- Genre: Television special
- Directed by: Antonia Prado Monica Almeida
- Starring: Ivete Sangalo; Gilberto Gil; Adriana Esteves; Joana Fomm; Susana Vieira; Flávia Alessandra; Renata Sorrah; Gloria Pires; Letícia Colin; Lilia Cabral; Miguel Falabella; Marisa Orth; Antonio Fagundes; Stênio Garcia;
- Country of origin: Brazil
- Original language: Portuguese

Production
- Production locations: Estúdios Globo, Rio de Janeiro (pre-recorded segments) Farmasi Arena, Rio de Janeiro (live segments)
- Production company: Estúdios Globo

Original release
- Network: TV Globo
- Release: 26 April 2025

= Show 60 Anos =

Special program commemorating 60th anniversary of TV Globo

Show 60 Anos (Note: (English: Show 60 Years)) is a Brazilian television special by TV Globo that aired on 28 April 2025. The event celebrated the network's 60th anniversary and the 100th anniversary of Grupo Globo, bringing together a star-studded cast, musical personalities, and notable moments in the history of Brazilian television.

== Background ==
For 60th anniversary celebration, TV Globo had a special program lasted for 60 hours, including several commemorative programs in addition to the traditional special show. The special marathon program featured:

- Vídeo Show - Especial: Under the direction of Dani Gleiser, the program returned in a special edition, kick-off the 60-hour celebration marathon. The presentation featured a reunion of former presenters such as Miguel Falabella, Cissa Guimarães, André Marques, Angélica, Otaviano Costa, Monica Iozzi and Joaquim Lopes.

- Globo Repórter: Presented by Sandra Annenberg, the news program aired a special edition dedicated to the broadcaster's 60th anniversary, exploring its timeline and presenting behind-the-scenes stories, as well as the challenges that shaped TV Globo over the decades.

- Vídeo Game - Especial: Initially scheduled to air as part of the Vídeo Show special on 25 April 2025, the program ended up getting its own edition and was shown as an standalone show on 26 April in the afternoon slot.
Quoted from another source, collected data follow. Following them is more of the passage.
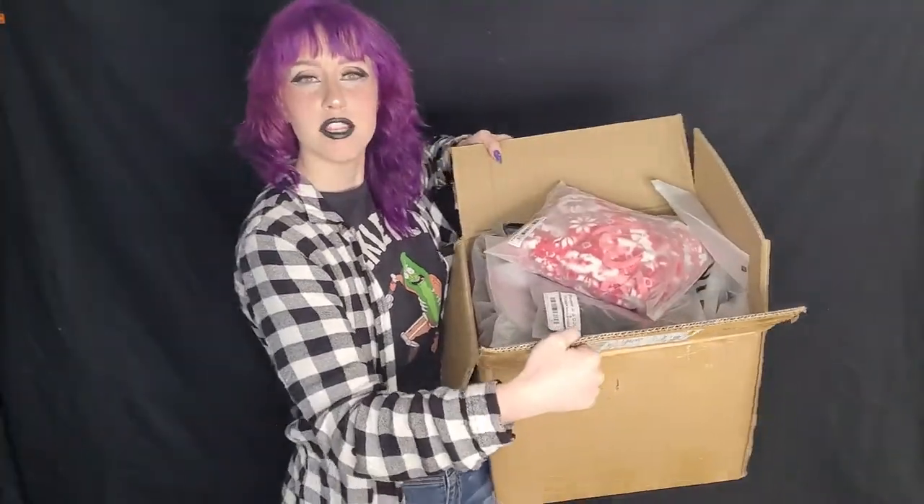What's up beautiful people? Welcome back to my channel. As I'm sure you can tell by the title of this video, I'm going to be doing something different than my usual hair or makeup video. I ordered a buttload of crap from Romwe, and we're going to be trying this on today. So I'm pretty excited.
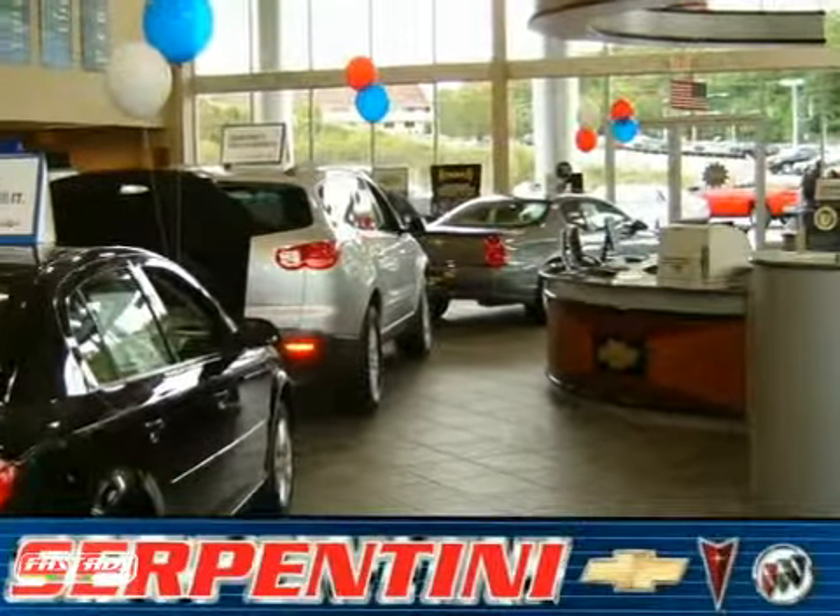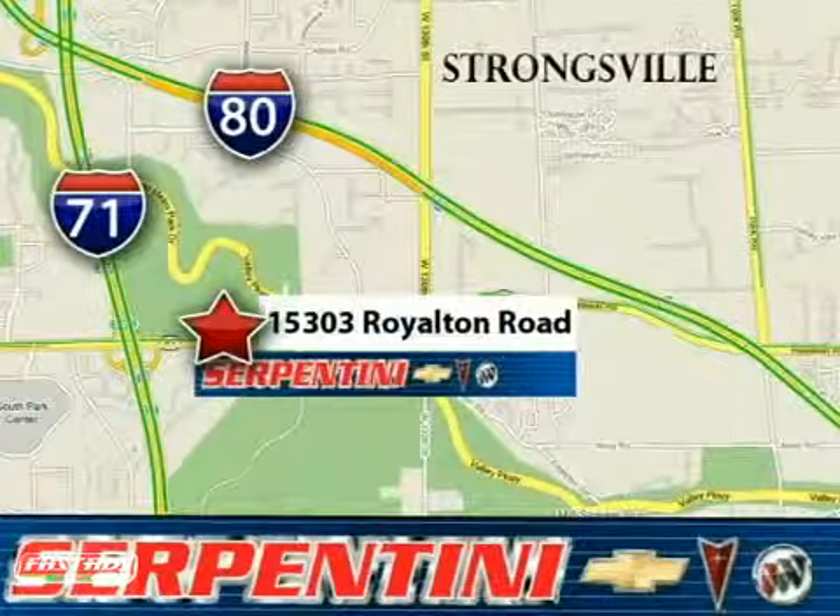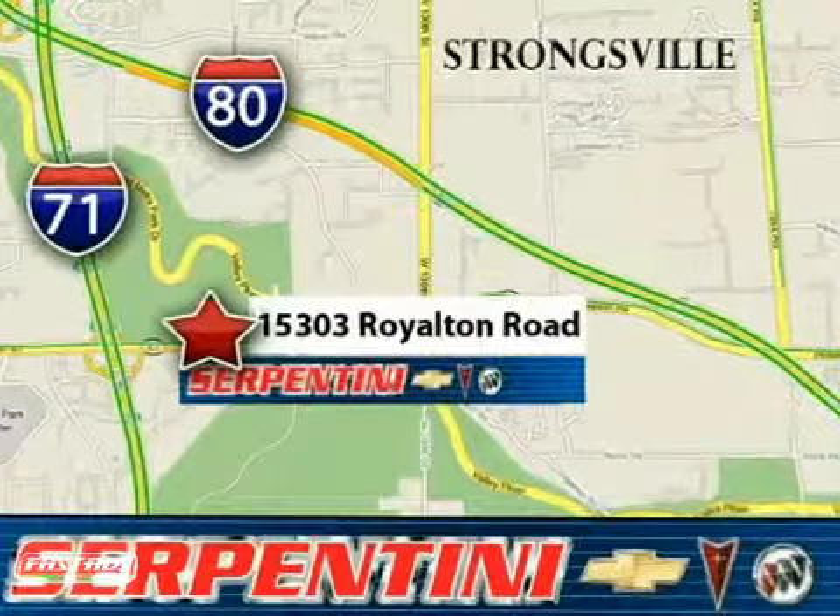Serpentine Chevy, a 28-year reputation of excellence. We're American and proud of it. We're conveniently located at 15303 Royalton Road in Strongsville, Ohio.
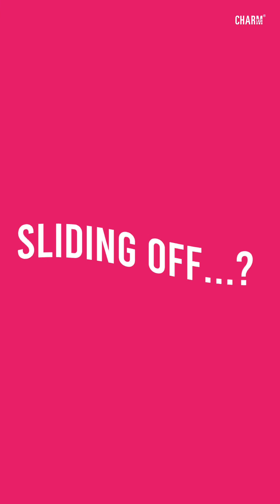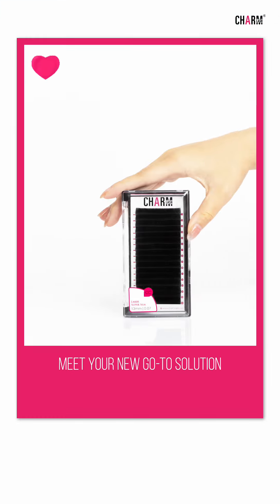Tired of your lashes sliding off? Meet your new go-to solution: Laser Lashes.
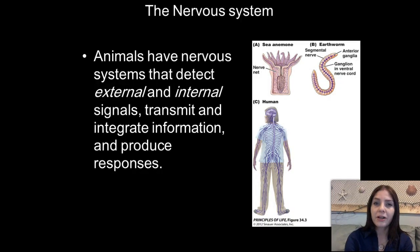So today we're going to be talking about the nervous system, specifically how it's related to different types of animals. Animals have nervous systems that detect external and internal signals, transmit those signals, and integrate the information to produce various responses. We have many different types of animals — sea anemones, which have a very uncomplex nervous system, earthworms with a much more complex one, and vertebrates such as humans that have a very evolved nervous system.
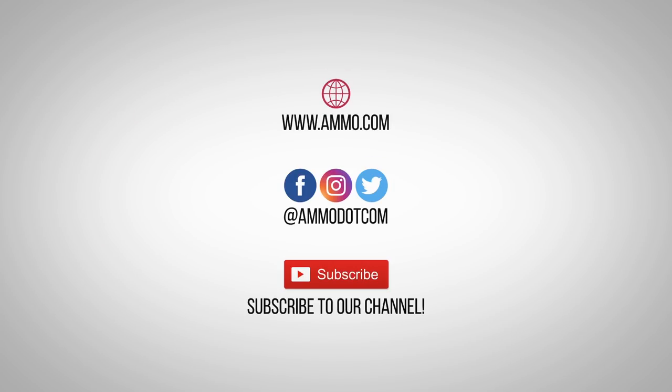Check out today's best ammo deals by visiting us at ammo.com. Follow us on social media and most importantly, be sure to subscribe to our channel right here on YouTube for more high-quality videos to help you stay armed, both physically and philosophically.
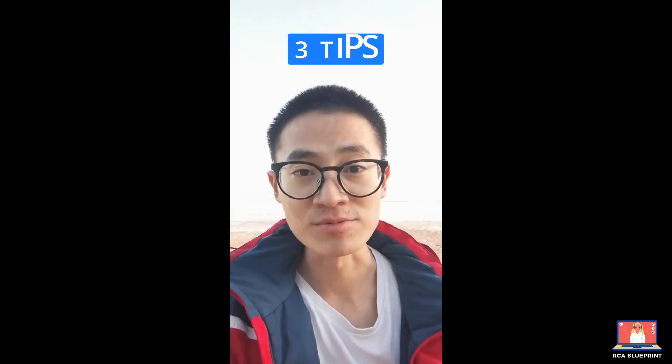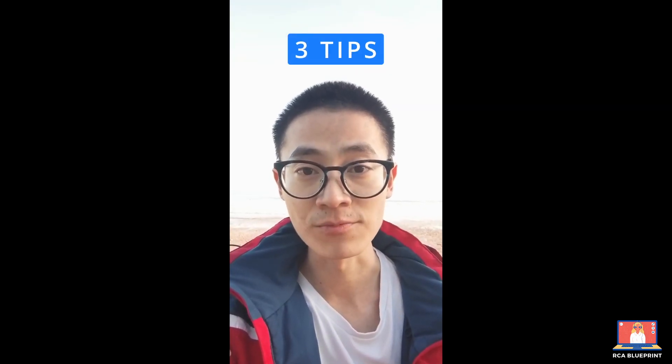Hello SoxNation, today I'd like to share with you three tips that we discussed at the RCA Blueprint course this morning.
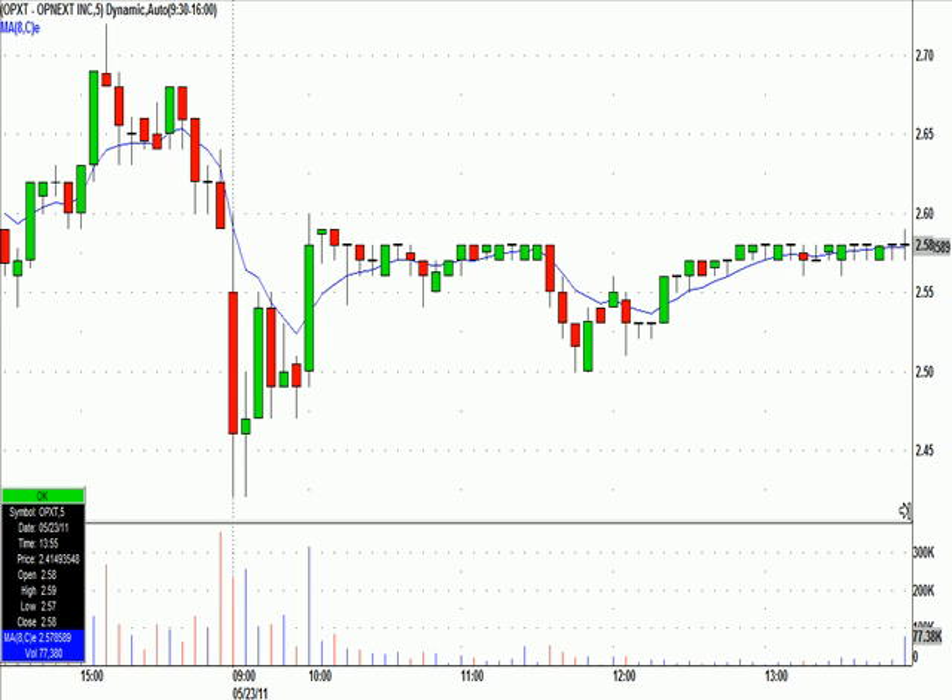I wanted to share with you our OPXT call from today in our live trading chat room at greatstockfix.com.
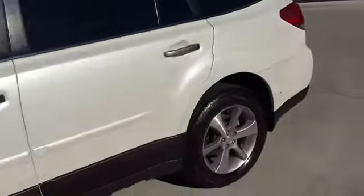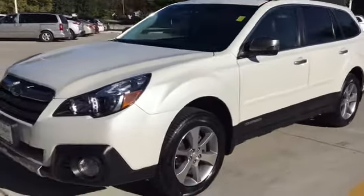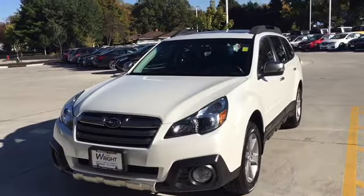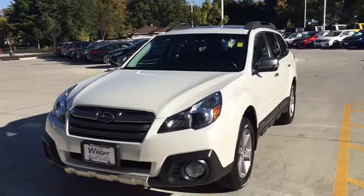This is a very rare vehicle — again, a 2013 Subaru Outback with the special appearance package. So stop in and check it out. It's Keith at Dave Wright Nissan Subaru, 319-440-4233.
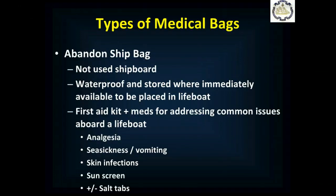You'll also want — and really be required — to have an abandoned ship bag. It's not used shipboard. It's a waterproof kit stored where it's immediately available to be placed in a lifeboat. If it can be stored in a lifeboat based on environmental conditions, great, but most likely it won't be. It's essentially a first aid kit with medications for addressing the common issues that occur on a lifeboat, like pain medications, things for seasickness and vomiting, skin infections — which are very common from skin breakdown, particularly in saltwater and high-sun environments — sunscreen, and maybe salt tabs as well, depending on what's available for nutrients and rehydration.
The special edition featured the appearance of Xuxa and Fábio Porchat as guests in the game.

- Glória: The career of journalist Glória Maria, who died in 2023, was the subject of a documentary. Divided into four episodes, the series recalled key moments in the reporter's career and featured testimonies from personalities such as Pedro Bial, Fátima Bernardes, Maju Coutinho, Djavan, Mano Brown, Emicida and Maria Bethânia.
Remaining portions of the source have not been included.